Activity: When you copy the material below, keep every line exact and leave each picture out.

Dataset excerpt:
******************************

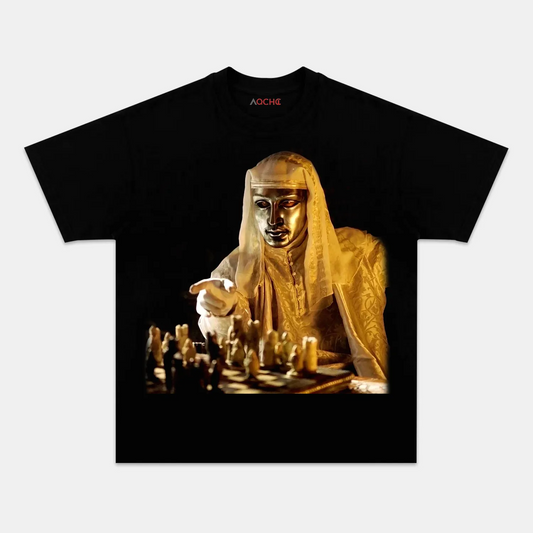 KING BALDWIN V3 TEE 1.0
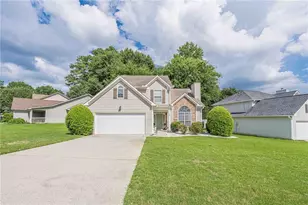 150 Tambec Trce NW, Lilburn, GA 30047 - Photo 2
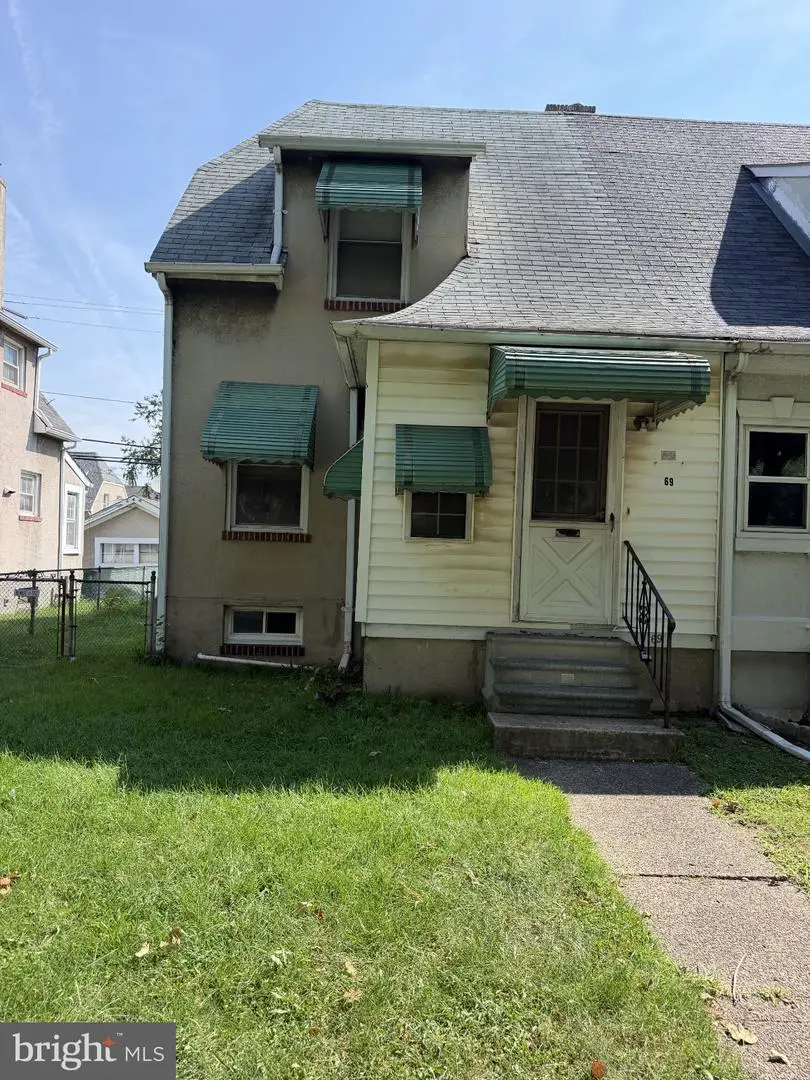 69 N Dundalk Ave, Dundalk, MD 21222 - #1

******************************

Reply:
 KING BALDWIN V3 TEE 1.0
 150 Tambec Trce NW, Lilburn, GA 30047 - Photo 2
 69 N Dundalk Ave, Dundalk, MD 21222 - #1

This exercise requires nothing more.